A render graph organizes render passes. This allows to perform deferred rendering, applying post effects over the scene.

A RenderSystem always has its own RenderGraph, which must be used directly.

#include <RaZ/Render/RenderGraph.hpp>

Raz::RenderGraph& renderGraph = renderSystem.getRenderGraph();

Textures must be created through Raz::Texture2D::create(). They will be shared among all passes that use them.

// A depth buffer always has a floating-point data type, no need to specify it
const auto depthBuffer = Raz::Texture2D::create(window.getWidth(),
                                                window.getHeight(),
                                                Raz::ImageColorspace::DEPTH);

const auto colorBuffer = Raz::Texture2D::create(window.getWidth(),
                                                window.getHeight(),
                                                Raz::ImageColorspace::RGB,
                                                Raz::ImageDataType::FLOAT);

const auto normalBuffer = Raz::Texture2D::create(window.getWidth(),
                                                 window.getHeight(),
                                                 Raz::ImageColorspace::RGB,
                                                 Raz::ImageDataType::BYTE);

Next, we need to get the geometry pass from the render graph, and tell it we will write to the three textures.

Note

Write color textures must be given the index the shaders write them to. For example, in the default shaders, the fragment color is bound to the index 0 while the normal is at index 1, which are the indices you need to give them.

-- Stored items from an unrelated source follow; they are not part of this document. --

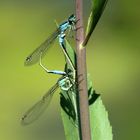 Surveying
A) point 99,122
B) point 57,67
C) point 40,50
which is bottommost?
point 99,122

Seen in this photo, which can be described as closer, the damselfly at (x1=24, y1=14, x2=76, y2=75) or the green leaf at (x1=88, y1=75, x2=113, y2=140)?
the green leaf at (x1=88, y1=75, x2=113, y2=140)

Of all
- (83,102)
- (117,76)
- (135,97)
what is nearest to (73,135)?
(83,102)

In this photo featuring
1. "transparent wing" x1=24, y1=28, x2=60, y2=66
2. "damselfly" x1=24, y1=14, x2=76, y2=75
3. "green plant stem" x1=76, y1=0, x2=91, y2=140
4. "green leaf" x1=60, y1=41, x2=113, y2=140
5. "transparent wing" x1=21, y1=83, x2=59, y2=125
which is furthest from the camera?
"transparent wing" x1=21, y1=83, x2=59, y2=125

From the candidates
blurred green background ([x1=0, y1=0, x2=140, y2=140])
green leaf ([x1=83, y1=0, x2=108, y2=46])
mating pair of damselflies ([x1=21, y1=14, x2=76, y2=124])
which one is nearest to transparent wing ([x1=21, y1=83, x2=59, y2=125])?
mating pair of damselflies ([x1=21, y1=14, x2=76, y2=124])

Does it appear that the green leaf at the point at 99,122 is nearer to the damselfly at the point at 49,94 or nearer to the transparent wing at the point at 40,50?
the damselfly at the point at 49,94

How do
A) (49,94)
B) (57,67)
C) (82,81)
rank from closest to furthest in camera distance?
(82,81), (49,94), (57,67)

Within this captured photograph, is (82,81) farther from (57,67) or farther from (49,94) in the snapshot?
(57,67)

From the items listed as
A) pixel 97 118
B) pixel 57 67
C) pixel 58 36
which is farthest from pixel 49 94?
pixel 57 67

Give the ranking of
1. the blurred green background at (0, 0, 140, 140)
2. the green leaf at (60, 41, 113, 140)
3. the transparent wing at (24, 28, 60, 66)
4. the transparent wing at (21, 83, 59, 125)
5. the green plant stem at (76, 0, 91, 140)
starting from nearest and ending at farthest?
the green plant stem at (76, 0, 91, 140), the green leaf at (60, 41, 113, 140), the transparent wing at (24, 28, 60, 66), the transparent wing at (21, 83, 59, 125), the blurred green background at (0, 0, 140, 140)

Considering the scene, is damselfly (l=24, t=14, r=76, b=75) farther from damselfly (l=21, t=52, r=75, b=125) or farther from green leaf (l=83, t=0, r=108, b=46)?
green leaf (l=83, t=0, r=108, b=46) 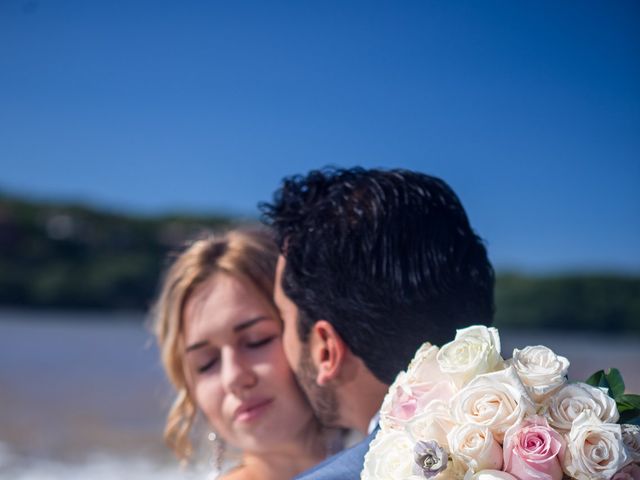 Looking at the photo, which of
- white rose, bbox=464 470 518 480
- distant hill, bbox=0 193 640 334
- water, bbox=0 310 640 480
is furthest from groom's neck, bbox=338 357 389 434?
distant hill, bbox=0 193 640 334

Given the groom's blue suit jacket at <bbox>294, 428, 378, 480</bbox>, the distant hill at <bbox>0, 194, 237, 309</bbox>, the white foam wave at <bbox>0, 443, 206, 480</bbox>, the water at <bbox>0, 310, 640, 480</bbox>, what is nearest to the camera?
the groom's blue suit jacket at <bbox>294, 428, 378, 480</bbox>

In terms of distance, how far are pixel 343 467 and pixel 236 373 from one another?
1286mm

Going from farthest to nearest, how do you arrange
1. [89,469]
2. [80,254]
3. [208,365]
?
[80,254] < [89,469] < [208,365]

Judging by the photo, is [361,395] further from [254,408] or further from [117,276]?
[117,276]

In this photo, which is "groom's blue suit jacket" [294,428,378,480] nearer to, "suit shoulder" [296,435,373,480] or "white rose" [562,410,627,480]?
"suit shoulder" [296,435,373,480]

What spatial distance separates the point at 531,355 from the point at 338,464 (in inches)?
24.9

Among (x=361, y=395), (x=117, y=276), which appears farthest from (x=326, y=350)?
(x=117, y=276)

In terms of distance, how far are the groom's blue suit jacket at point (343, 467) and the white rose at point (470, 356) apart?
1.64 feet

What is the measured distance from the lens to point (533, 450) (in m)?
1.72

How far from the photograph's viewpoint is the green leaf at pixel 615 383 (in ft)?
6.38

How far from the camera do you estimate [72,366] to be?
3453cm

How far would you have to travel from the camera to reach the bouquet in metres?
1.72

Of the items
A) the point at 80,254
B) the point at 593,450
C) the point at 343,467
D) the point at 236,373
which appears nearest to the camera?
the point at 593,450

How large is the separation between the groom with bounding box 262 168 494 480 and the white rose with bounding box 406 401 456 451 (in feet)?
1.84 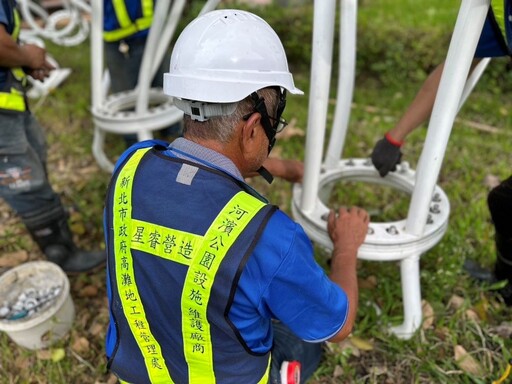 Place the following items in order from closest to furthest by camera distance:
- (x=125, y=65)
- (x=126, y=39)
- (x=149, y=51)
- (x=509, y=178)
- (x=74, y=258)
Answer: (x=509, y=178) → (x=149, y=51) → (x=74, y=258) → (x=126, y=39) → (x=125, y=65)

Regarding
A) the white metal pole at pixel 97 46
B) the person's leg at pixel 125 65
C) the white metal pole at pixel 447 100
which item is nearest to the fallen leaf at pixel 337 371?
the white metal pole at pixel 447 100

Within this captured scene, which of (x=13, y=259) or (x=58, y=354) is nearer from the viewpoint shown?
(x=58, y=354)

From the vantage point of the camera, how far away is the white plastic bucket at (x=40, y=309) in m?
2.11

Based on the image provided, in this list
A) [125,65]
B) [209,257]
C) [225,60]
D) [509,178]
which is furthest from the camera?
[125,65]

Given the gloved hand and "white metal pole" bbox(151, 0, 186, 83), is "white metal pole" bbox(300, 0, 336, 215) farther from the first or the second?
"white metal pole" bbox(151, 0, 186, 83)

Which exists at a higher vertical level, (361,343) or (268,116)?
(268,116)

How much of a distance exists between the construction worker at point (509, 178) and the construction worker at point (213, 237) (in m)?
0.89

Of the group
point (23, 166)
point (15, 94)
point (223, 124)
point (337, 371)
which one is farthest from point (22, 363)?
point (223, 124)

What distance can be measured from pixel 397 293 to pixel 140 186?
1.65 m

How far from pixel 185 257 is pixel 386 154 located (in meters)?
1.28

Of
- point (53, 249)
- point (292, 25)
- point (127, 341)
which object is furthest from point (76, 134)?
point (127, 341)

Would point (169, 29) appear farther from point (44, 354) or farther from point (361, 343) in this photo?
A: point (361, 343)

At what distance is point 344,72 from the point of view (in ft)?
6.39

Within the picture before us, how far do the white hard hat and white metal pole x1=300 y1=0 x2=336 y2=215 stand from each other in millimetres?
349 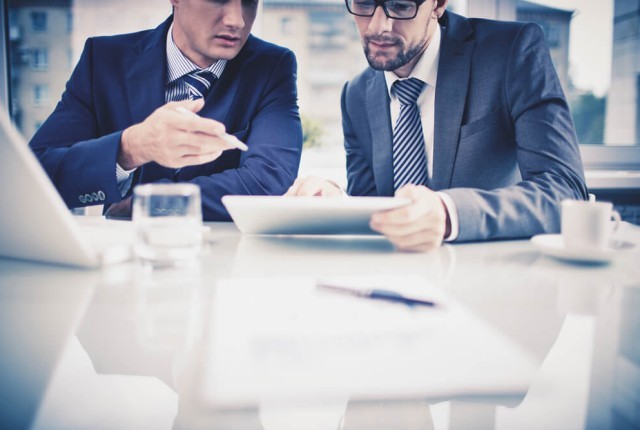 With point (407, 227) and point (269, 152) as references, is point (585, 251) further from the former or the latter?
point (269, 152)

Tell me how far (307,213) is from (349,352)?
0.40 meters

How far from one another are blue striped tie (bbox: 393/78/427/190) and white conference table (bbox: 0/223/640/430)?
814 millimetres

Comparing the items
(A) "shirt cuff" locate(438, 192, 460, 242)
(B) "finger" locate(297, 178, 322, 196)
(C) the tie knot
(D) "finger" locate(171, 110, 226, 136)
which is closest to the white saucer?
(A) "shirt cuff" locate(438, 192, 460, 242)

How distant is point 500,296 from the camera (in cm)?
55

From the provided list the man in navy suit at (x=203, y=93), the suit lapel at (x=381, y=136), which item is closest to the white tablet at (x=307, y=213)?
the man in navy suit at (x=203, y=93)

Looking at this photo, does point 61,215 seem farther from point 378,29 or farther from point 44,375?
point 378,29

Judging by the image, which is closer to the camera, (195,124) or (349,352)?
(349,352)

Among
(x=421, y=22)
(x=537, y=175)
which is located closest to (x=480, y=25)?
(x=421, y=22)

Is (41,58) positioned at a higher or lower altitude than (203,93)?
higher

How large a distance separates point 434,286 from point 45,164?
3.50ft

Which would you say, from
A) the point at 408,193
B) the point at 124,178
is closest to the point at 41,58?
the point at 124,178

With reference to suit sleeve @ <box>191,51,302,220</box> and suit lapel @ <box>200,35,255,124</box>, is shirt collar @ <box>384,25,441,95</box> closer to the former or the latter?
suit sleeve @ <box>191,51,302,220</box>

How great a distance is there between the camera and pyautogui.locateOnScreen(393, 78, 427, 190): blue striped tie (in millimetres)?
1534

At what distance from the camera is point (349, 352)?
0.37 m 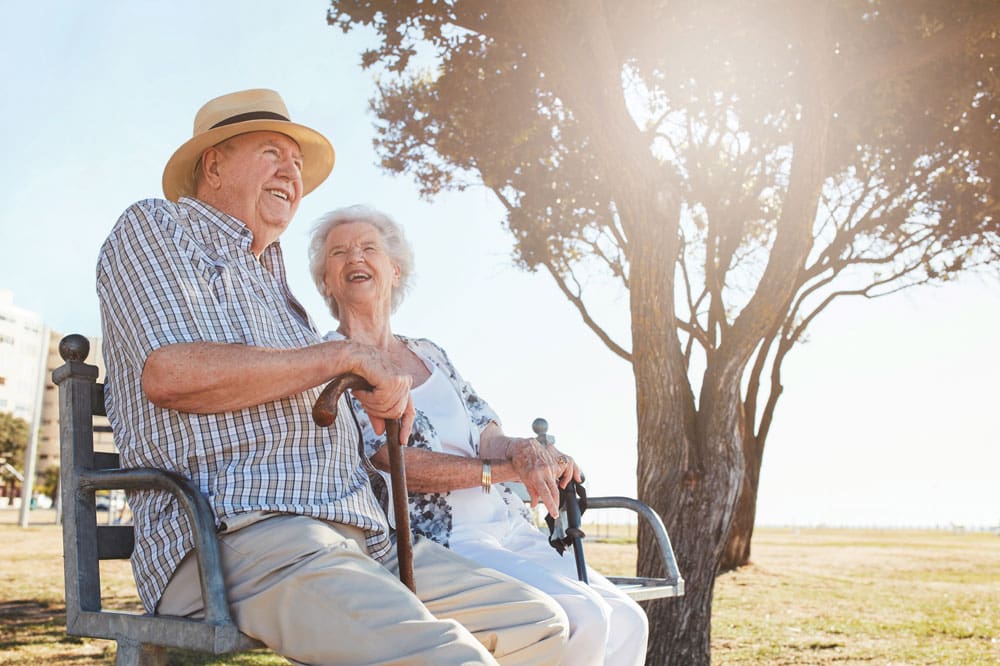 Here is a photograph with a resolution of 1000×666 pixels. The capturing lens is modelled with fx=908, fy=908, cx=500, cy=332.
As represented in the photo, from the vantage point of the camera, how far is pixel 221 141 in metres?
2.47

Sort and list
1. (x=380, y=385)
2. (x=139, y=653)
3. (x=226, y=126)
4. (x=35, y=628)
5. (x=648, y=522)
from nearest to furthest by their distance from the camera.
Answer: (x=139, y=653), (x=380, y=385), (x=226, y=126), (x=648, y=522), (x=35, y=628)

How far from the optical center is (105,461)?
92.6 inches

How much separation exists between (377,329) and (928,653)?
211 inches

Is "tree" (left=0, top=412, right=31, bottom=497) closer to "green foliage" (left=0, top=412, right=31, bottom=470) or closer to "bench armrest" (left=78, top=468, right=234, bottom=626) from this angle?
"green foliage" (left=0, top=412, right=31, bottom=470)

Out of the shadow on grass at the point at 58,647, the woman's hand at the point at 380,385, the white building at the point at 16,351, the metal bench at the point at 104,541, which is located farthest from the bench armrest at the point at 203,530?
the white building at the point at 16,351

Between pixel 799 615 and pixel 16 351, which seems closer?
pixel 799 615

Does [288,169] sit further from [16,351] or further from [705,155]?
[16,351]

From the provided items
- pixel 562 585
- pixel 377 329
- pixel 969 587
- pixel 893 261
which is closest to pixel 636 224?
pixel 377 329

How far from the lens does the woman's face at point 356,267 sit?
126 inches

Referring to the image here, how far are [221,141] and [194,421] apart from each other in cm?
90

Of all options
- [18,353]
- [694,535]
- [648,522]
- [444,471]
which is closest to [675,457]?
[694,535]

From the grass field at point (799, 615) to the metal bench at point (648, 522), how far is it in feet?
10.3

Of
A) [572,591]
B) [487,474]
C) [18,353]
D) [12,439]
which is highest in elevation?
[18,353]

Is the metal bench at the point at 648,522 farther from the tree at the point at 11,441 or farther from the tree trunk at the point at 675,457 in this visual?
the tree at the point at 11,441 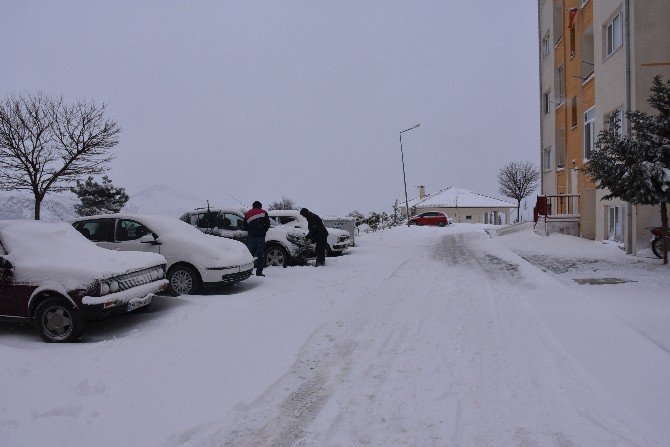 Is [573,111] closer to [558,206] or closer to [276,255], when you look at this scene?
[558,206]

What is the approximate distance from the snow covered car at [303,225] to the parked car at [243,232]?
94cm

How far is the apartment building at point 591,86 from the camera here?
1448 cm

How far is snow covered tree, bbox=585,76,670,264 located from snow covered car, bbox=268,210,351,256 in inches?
309

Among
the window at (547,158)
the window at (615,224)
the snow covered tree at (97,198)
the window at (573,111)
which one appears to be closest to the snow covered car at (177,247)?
the window at (615,224)

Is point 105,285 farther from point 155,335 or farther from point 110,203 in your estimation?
point 110,203

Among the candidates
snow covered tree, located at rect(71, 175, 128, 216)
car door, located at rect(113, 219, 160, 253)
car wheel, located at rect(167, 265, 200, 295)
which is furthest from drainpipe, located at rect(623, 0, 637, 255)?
snow covered tree, located at rect(71, 175, 128, 216)

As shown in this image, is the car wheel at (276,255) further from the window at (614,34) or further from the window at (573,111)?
the window at (573,111)

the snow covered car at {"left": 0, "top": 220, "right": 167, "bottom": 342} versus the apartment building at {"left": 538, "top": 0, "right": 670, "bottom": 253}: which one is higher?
the apartment building at {"left": 538, "top": 0, "right": 670, "bottom": 253}

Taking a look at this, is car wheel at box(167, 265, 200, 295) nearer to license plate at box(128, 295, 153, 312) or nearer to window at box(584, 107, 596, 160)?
license plate at box(128, 295, 153, 312)

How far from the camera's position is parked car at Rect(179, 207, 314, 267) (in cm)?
1245

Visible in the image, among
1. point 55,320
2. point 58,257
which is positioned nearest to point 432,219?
point 58,257

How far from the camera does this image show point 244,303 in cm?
800

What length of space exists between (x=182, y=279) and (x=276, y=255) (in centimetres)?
396

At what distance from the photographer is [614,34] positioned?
1661 cm
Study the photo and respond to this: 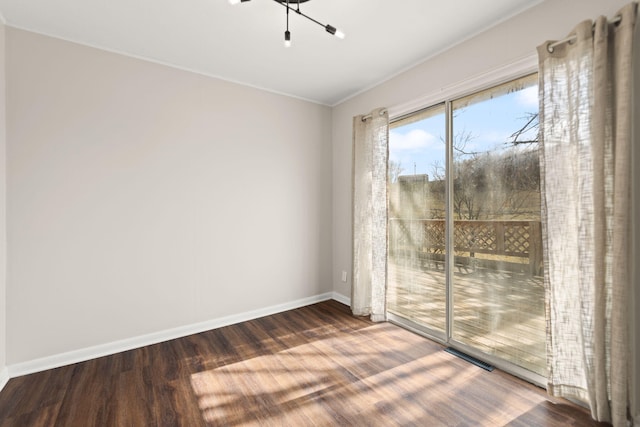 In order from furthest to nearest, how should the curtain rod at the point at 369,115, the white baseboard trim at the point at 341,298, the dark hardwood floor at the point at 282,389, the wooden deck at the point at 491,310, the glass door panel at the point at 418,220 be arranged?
the white baseboard trim at the point at 341,298
the curtain rod at the point at 369,115
the glass door panel at the point at 418,220
the wooden deck at the point at 491,310
the dark hardwood floor at the point at 282,389

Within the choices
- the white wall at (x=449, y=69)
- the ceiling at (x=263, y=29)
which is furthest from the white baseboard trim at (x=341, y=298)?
the ceiling at (x=263, y=29)

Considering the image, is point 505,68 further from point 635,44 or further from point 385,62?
point 385,62

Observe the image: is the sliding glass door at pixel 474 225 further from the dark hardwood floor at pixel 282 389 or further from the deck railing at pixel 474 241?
the dark hardwood floor at pixel 282 389

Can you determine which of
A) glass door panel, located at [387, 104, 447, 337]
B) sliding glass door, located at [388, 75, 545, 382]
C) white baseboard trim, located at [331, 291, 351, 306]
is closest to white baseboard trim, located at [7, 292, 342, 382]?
white baseboard trim, located at [331, 291, 351, 306]

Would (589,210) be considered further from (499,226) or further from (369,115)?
(369,115)

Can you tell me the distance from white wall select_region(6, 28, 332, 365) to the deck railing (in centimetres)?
128

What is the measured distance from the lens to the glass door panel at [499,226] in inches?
80.9

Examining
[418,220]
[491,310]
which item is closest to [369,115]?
[418,220]

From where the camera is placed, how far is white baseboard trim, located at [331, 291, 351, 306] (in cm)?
Result: 366

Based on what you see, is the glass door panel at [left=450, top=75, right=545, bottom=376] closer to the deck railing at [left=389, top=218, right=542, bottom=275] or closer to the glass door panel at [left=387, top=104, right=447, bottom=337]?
the deck railing at [left=389, top=218, right=542, bottom=275]

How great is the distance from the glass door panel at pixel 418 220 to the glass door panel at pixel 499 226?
0.51ft

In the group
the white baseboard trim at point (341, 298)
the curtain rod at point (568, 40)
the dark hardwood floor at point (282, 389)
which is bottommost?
the dark hardwood floor at point (282, 389)

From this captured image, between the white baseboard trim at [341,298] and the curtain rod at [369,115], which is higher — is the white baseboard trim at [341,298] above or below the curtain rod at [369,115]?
below

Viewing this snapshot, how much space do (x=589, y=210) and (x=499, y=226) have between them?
0.62m
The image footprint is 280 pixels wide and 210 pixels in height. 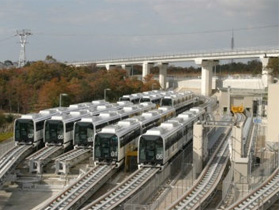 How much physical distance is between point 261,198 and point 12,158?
1218 cm

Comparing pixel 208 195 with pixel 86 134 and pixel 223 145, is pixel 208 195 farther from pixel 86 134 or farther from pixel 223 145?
pixel 223 145

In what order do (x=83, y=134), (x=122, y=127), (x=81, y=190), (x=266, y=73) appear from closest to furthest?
(x=81, y=190) → (x=122, y=127) → (x=83, y=134) → (x=266, y=73)

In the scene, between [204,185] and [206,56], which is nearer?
[204,185]

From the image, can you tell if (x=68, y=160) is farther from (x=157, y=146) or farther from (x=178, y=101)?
(x=178, y=101)

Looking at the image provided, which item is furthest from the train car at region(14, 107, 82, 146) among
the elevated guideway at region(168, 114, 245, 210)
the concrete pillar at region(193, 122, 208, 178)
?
the elevated guideway at region(168, 114, 245, 210)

Raz::RenderPass& geometryPass = renderGraph.getGeometryPass();

geometryPass.setWriteDepthTexture(depthBuffer);
geometryPass.addWriteColorTexture(colorBuffer, 0);
geometryPass.addWriteColorTexture(normalBuffer, 1);

We then add a following render pass, which will run the given shader. This pass will read from the three previously declared textures; the given strings are the shader's uniforms' names.

Raz::RenderPass& nextPass = renderGraph.addNode(Raz::FragmentShader("ssao.frag"));

nextPass.addReadTexture(depthBuffer, "uniSceneBuffers.depth");
nextPass.addReadTexture(colorBuffer, "uniSceneBuffers.color");
nextPass.addReadTexture(normalBuffer, "uniSceneBuffers.normal");

We also associate a write buffer to our pass, so that it outputs a buffer we can reuse afterwards.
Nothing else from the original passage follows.